Exercise 3 B: Exploratory Data Analysis (EDA) - PCA
This exercise deals with creating and visualizing a principal component analysis (PCA). For a quick introduction to the main idea behind PCA you can have a look at this video.
Getting started
Load packages.
Load data from the
.rds
file you created in Exercise 2.
PCA
For this exercise we will use this tutorial to make a principal component analysis (PCA). First, we perform some preprocessing to get our data into the right format.
Let’s start by unnesting the OGTT data and using pivot wider so that each Glucose measurement time point gets its own column (again).

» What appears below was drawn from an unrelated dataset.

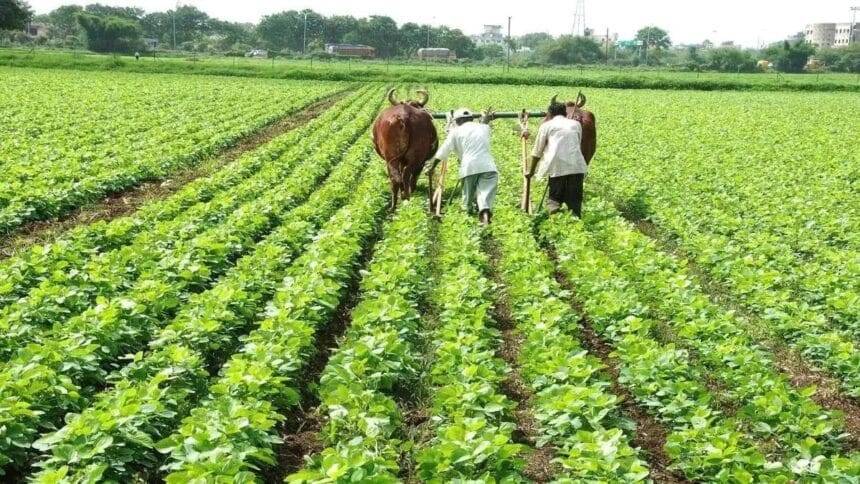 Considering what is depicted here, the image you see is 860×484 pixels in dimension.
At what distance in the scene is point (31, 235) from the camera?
388 inches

Have a look at your unnested diabetes data set. Can you use all the variables to perform PCA? Subset the dataset to only include the relevant variables.
PCA can only be performed on numerical values. Extract these (except ID!) from the dataset. Numerical columns can easily be selected with the where(is.numeric)
helper.
- PCA cannot handle NA’s in the dataset. Remove all rows with NA in any column in your numerical subset. Then, go back to the original unnested data
diabetes_glucose_unnest
(or what you have called it) and also here drop rows that have NAs in the numerical columns (so the same rows you dropped from the numeric subset).This is important because we want to use (categorical) columns present in the original data to later color the resulting PCA, so the two dataframes (original and only numeric columns) need to be aligned and contain the same rows.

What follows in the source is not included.